Overview
Nicholas Hawksmoor
(c. 1661—1736) architect
Quick Reference
(1661–1736).
One of the two most imaginative English Baroque architects (the other was Vanbrugh), he worked with Wren, notably on the Chelsea Hospital, St Paul's Cathedral, and the City Churches, all in London. He was Clerk of Works (1689–1715) at Kensington Palace (where he supervised the building of the Orangery (1704–5—probably designed by Wren, with revisions by Vanbrugh and Hawksmoor), and was Clerk of Works (1698–1735) at Greenwich Hospital, where he played a major role in the design of the east range of Queen Anne's Court and the dormitories in King William's Court. In 1715 he also became Clerk of the Works at Whitehall, Westminster, and St James's, as well as Secretary to the Board of Works, which made him a senior official of the Royal Works. Vanbrugh engaged his services at Castle Howard, Yorks., and Blenheim Palace, Oxon., and it is now clear that the skills Hawksmoor had acquired under Wren enabled the architecturally untrained Vanbrugh's schemes to come to fruition. By 1700 Hawksmoor had evolved his original style, as is evident from Easton Neston, Northants. (c. 1695–1702), a large country-house (in the design of which, however, Talman may have played a greater role than recognised hitherto), and over the next decades demonstrated his assured knowledge of the Classical vocabulary as well as its imaginative application.
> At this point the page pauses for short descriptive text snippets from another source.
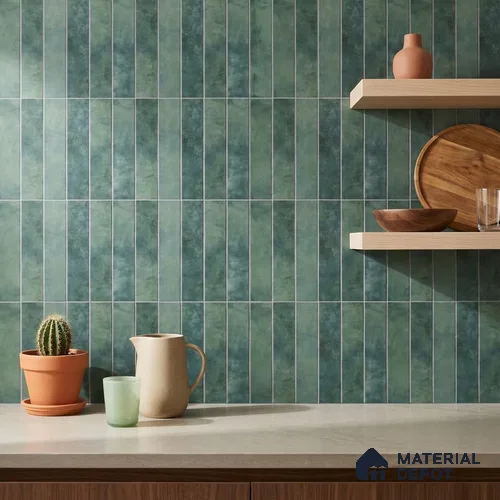 Faux Subway Wall Tile TL 06789 B Bali Lagoon 1 ft x 1 ft Blue Ceramic Matte Finish Tile - 10 mm | Ideal for Bathroom, Kitchen | Please Expect a Slight Variation of Pattern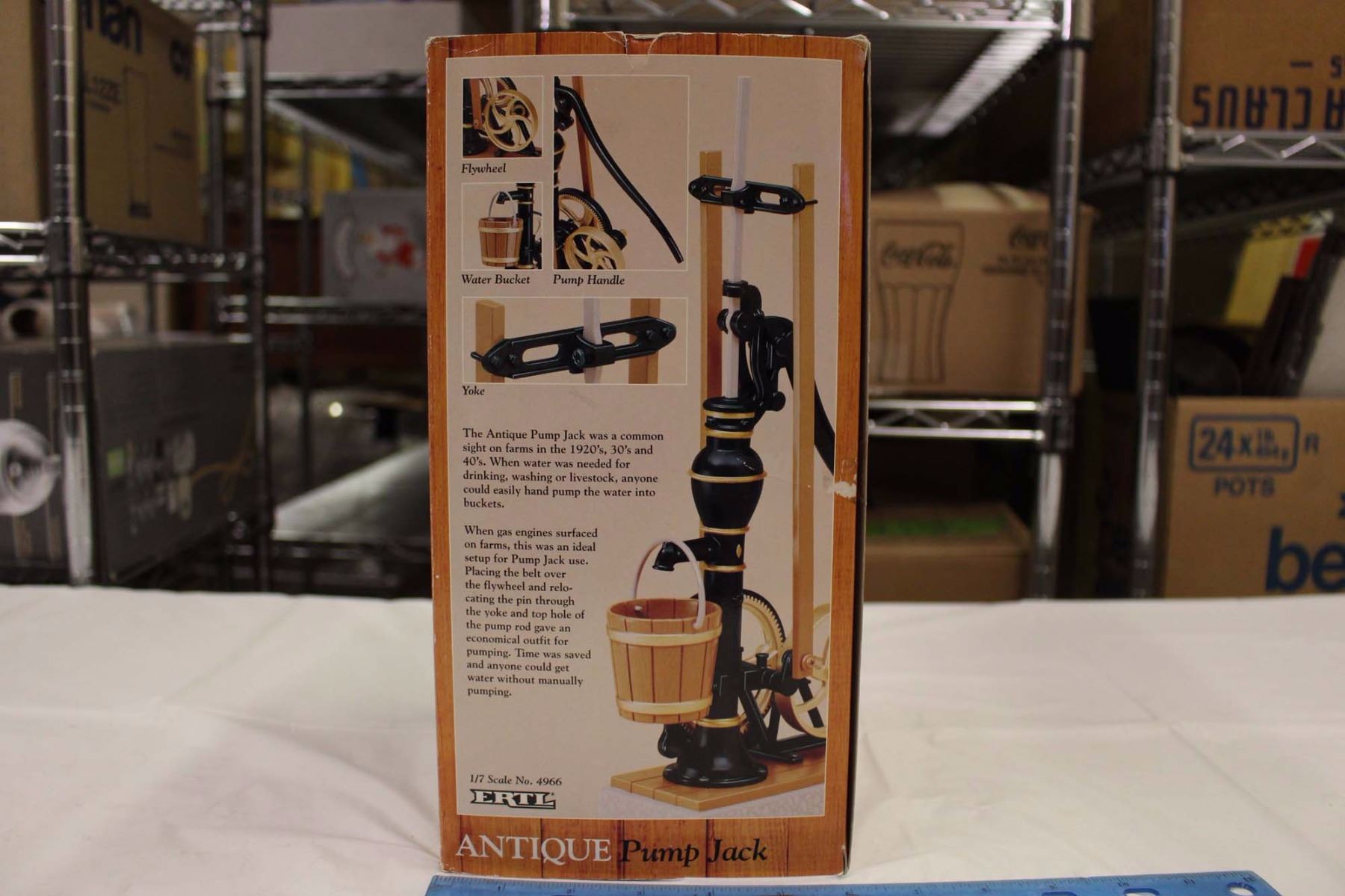 Antique Pump Jack Toy In Box, Missing Buckets Part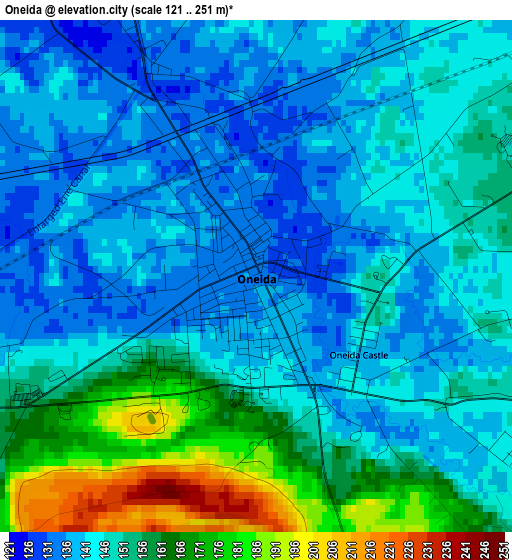 Oneida elevation map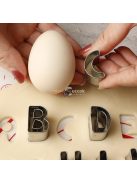 26db, rozsdamentes acél ábécés sütivágók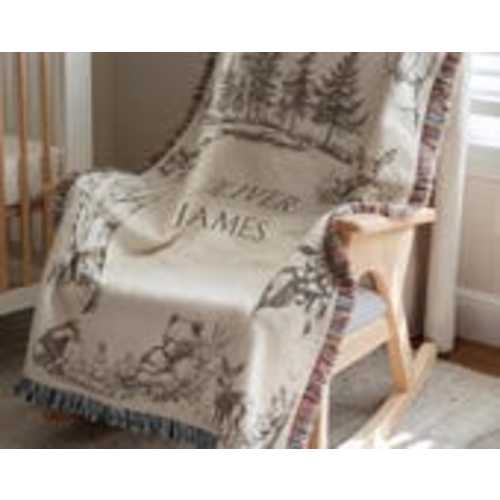 Woodland Baby Woven Blanket, using for milestone markers!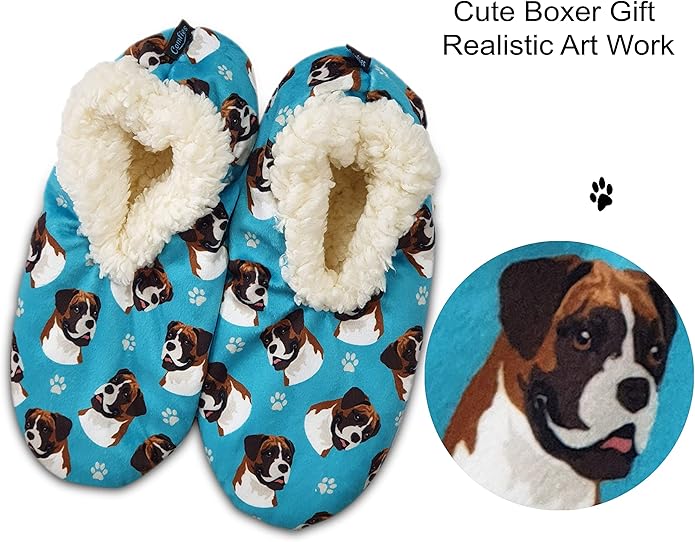 Boxer Super Soft Slippers - One Size Fits Most - Cozy House Slippers - Non Skid Bottom - perfect for Boxer gifts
He understood the tensions and possibilities of the juxtaposition of masses of masonry, and exploited the drama and power of modelling, light, and dark in his vigorous designs.
Hawksmoor was appointed one of the two Surveyors (the other was Gibbs) to the Commissioners for Building Fifty New Churches in London under the Act of 1711 and in that capacity he designed six of the most original churches in and near the capital: the body of St Alphege, Greenwich (1712–14), St Anne, Limehouse (1714–30), St George-in-the East, Wapping (1714–29), Christ Church, Spitalfields (1714–29), St Mary Woolnoth, City of London (1716–24), and St George, Bloomsbury (1716–31). St Alphege's is in the form of a temple, with a huge serliana at the east end; St Anne's has a powerful tower with a crowning lantern like a medieval element in Classical clothes; St George-in-the-East has four pepper-pot staircase-towers and a curious top to the western tower formed of altar-like drums; Christ Church, Spitalfields, has a broach spire set above a gigantic serliana porch; St Mary Woolnoth has powerful Baroque modelling; while St George Bloomsbury has an immense Roman temple portico and a tower crowned with a stepped pyramid derived from descriptions of the Mausoleum at Halicarnassus. From these buildings the interests of Hawksmoor may be deduced. He was bookish (he had a considerable library), steeped in a love of Antiquity, fascinated by English medieval architecture, and intrigued by the possibilities of freely interpreting the great buildings of the past from descriptions. Some of his work is derived from earlier French publications showing images of supposedly Antique buildings, which partially explains the element of fantasy in his designs.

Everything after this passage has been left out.